-- Work to be completed --
Beneath this instruction is a block of data; output from it exactly the lines that run from the one containing "Jeddah Season Logo PNG Vector" through the one containing "Used 2017 Ford Transit 350 XL RWD image 3", inclusive.

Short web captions
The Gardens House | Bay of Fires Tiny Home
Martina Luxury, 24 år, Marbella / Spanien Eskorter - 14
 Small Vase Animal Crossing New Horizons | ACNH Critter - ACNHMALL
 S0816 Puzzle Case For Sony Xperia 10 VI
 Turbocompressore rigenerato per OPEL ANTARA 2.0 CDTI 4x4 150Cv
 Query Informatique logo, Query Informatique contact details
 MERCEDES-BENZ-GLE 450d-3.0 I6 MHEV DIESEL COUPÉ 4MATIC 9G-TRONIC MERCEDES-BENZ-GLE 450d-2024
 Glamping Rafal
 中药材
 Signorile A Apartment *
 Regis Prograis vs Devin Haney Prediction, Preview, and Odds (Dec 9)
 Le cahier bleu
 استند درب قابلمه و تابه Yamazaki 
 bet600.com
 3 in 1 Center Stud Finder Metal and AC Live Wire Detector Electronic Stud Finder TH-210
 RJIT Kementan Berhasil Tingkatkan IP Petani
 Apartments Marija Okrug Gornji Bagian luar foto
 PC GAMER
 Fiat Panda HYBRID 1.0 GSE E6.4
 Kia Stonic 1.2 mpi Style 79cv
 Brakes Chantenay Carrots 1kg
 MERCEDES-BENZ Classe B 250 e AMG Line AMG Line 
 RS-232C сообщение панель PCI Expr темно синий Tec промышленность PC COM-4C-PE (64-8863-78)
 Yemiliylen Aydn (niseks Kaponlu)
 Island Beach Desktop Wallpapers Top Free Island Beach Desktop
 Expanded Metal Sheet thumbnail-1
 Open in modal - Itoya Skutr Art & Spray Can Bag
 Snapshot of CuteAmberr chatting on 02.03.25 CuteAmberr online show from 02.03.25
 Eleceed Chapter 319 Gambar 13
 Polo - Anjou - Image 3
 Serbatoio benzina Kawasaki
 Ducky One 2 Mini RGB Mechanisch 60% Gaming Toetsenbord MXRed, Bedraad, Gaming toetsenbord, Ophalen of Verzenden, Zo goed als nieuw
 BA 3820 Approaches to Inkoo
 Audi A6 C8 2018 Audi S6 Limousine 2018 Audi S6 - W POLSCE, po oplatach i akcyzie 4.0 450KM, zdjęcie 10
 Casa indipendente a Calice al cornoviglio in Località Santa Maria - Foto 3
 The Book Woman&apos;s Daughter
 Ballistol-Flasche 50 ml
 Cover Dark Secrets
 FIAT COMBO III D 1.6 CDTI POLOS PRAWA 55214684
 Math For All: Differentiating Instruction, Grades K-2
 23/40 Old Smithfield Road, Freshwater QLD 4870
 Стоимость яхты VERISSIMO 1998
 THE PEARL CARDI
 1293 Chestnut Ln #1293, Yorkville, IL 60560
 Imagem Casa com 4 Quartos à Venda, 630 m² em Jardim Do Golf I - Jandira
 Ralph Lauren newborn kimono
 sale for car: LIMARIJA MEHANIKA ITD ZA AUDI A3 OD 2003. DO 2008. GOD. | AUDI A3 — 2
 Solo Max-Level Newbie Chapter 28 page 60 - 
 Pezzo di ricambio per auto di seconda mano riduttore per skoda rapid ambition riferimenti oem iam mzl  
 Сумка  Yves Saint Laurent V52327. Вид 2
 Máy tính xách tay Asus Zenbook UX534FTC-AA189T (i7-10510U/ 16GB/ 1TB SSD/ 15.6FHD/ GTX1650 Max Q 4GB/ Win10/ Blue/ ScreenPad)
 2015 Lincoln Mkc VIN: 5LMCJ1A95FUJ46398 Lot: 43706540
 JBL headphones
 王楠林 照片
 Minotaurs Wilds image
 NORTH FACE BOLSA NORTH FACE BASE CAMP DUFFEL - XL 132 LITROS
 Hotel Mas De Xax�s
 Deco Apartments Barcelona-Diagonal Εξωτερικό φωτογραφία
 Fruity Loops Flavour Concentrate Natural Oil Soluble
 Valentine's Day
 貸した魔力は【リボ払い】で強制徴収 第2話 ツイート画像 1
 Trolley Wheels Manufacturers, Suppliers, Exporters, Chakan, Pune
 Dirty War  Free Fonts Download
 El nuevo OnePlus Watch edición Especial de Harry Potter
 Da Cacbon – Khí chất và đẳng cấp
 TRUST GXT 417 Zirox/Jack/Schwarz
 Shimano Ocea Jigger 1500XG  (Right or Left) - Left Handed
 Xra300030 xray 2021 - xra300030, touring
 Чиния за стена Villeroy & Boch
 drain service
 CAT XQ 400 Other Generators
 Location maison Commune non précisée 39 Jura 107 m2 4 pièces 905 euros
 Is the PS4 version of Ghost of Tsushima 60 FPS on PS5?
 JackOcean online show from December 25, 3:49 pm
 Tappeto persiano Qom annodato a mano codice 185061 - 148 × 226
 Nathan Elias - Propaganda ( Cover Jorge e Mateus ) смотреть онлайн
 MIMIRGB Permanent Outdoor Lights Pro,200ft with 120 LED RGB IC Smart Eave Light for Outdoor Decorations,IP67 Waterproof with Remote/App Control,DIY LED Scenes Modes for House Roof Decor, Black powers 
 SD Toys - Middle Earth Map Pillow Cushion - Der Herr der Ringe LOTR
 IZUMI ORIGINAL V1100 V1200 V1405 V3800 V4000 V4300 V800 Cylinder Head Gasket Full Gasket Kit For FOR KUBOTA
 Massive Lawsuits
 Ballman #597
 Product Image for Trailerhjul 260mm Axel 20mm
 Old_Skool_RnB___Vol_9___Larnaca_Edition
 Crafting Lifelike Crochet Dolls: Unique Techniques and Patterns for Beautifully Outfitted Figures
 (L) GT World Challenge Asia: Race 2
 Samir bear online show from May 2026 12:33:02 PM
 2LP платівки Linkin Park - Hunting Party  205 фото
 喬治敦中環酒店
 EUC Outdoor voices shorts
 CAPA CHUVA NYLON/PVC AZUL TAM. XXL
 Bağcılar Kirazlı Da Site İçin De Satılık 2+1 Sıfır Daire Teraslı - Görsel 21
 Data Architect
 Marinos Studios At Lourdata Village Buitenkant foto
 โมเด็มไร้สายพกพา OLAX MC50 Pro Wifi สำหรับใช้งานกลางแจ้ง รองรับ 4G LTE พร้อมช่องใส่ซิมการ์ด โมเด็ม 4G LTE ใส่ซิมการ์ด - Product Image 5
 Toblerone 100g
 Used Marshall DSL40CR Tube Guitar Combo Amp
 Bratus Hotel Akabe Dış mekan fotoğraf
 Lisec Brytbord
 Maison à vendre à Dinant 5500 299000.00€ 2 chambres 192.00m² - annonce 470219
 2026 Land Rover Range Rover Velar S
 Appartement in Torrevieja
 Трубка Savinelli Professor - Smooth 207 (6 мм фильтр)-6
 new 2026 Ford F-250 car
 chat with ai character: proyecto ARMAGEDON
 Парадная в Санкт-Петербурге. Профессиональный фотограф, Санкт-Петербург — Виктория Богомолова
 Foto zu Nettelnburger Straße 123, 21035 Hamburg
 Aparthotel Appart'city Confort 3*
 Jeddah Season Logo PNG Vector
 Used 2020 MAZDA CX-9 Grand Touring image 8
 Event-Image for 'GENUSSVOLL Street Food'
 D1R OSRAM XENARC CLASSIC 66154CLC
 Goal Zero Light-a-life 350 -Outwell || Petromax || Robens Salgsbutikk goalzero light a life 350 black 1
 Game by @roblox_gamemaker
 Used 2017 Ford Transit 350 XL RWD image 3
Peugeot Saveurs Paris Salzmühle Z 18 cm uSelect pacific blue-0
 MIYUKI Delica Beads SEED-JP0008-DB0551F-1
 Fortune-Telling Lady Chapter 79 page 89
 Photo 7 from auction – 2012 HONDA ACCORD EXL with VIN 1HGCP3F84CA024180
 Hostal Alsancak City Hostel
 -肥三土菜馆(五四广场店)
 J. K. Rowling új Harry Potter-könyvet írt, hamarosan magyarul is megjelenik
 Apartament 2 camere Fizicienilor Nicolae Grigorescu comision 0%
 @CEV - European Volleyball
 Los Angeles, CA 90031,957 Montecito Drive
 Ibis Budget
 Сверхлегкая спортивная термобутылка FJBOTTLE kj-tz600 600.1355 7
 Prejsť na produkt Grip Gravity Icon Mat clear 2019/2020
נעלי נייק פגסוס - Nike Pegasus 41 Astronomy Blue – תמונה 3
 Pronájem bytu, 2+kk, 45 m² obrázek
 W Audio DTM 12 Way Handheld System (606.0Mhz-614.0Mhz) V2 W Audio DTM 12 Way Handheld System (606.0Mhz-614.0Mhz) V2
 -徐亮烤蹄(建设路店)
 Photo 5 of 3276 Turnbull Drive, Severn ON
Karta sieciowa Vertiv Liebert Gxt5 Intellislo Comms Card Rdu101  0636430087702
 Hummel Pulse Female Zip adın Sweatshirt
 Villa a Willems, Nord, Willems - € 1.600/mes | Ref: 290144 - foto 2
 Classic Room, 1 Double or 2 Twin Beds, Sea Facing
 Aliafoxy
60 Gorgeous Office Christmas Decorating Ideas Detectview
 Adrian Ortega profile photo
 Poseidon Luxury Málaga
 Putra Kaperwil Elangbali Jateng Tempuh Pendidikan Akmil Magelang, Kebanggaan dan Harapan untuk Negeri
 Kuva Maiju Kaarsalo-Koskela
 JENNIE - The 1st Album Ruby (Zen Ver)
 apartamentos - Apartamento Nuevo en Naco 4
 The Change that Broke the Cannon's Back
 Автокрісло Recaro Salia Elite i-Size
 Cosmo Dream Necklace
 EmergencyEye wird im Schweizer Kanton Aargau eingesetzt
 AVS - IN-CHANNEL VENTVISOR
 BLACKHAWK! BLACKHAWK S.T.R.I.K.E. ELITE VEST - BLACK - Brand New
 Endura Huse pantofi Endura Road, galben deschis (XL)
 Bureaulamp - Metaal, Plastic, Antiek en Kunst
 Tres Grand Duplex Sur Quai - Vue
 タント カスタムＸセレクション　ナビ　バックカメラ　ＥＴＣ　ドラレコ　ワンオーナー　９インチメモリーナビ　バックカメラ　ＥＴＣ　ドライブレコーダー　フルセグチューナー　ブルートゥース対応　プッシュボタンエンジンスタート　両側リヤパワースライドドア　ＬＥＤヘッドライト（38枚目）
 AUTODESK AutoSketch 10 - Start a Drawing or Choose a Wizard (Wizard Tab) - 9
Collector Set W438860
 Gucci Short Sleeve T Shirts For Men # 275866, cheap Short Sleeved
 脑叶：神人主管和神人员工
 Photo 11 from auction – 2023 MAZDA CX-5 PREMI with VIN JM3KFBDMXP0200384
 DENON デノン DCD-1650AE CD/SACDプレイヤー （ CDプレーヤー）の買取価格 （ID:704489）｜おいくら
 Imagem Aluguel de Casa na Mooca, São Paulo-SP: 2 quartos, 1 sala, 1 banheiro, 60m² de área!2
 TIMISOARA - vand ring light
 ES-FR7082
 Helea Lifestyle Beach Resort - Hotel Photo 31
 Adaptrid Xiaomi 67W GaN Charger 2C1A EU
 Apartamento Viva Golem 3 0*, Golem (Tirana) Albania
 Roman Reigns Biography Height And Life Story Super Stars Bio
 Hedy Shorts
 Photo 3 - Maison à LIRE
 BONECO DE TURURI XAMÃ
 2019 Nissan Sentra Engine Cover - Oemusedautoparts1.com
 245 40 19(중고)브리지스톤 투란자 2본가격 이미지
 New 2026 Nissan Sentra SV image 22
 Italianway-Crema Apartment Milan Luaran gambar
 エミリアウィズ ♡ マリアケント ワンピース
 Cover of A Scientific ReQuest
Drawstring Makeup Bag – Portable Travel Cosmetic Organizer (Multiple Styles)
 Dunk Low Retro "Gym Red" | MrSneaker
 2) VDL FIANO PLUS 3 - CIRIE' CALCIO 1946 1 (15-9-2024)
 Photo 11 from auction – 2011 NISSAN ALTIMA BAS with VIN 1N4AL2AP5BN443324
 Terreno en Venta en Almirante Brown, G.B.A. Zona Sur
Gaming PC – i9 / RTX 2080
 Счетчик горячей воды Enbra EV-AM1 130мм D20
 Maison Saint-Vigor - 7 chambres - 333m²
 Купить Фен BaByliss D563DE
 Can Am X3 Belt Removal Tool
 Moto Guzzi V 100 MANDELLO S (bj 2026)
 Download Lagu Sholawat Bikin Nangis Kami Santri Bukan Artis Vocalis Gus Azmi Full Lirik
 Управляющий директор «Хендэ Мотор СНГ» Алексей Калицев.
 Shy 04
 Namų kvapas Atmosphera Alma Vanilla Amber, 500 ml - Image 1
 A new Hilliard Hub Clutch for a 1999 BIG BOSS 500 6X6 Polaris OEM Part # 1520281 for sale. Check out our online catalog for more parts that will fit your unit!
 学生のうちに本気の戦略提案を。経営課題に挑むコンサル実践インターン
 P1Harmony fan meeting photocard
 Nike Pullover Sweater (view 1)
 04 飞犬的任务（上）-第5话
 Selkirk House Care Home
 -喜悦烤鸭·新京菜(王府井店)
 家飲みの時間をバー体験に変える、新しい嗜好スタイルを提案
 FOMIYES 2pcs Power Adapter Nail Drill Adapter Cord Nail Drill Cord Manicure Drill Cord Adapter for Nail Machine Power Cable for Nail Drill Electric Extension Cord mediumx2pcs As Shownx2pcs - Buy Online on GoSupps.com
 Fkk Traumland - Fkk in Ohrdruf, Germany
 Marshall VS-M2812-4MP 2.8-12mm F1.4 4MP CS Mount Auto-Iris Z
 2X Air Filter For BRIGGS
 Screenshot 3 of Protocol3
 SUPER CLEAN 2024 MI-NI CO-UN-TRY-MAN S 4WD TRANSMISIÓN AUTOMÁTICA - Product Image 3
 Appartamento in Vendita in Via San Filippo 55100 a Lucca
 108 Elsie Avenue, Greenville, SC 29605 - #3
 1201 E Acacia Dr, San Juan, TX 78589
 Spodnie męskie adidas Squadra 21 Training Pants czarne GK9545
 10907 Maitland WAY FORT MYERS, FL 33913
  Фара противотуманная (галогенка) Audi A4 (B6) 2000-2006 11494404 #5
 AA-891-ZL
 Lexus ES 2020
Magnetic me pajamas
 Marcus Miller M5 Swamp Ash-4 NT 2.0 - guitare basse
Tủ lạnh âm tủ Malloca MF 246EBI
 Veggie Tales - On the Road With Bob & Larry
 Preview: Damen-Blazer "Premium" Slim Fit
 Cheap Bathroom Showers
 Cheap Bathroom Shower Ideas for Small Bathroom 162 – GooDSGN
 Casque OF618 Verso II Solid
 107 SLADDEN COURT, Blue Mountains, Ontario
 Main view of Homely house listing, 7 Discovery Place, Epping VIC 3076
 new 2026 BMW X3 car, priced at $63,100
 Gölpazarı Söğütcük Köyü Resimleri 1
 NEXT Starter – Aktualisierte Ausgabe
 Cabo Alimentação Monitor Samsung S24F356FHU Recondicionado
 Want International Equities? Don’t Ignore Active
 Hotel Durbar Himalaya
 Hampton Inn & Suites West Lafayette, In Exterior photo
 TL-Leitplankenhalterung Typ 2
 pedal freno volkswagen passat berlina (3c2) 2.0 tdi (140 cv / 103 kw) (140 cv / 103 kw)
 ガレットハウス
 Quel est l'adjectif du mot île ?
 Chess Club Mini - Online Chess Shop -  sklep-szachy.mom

-- Exercise output --
 Jeddah Season Logo PNG Vector
 Used 2020 MAZDA CX-9 Grand Touring image 8
 Event-Image for 'GENUSSVOLL Street Food'
 D1R OSRAM XENARC CLASSIC 66154CLC
 Goal Zero Light-a-life 350 -Outwell || Petromax || Robens Salgsbutikk goalzero light a life 350 black 1
 Game by @roblox_gamemaker
 Used 2017 Ford Transit 350 XL RWD image 3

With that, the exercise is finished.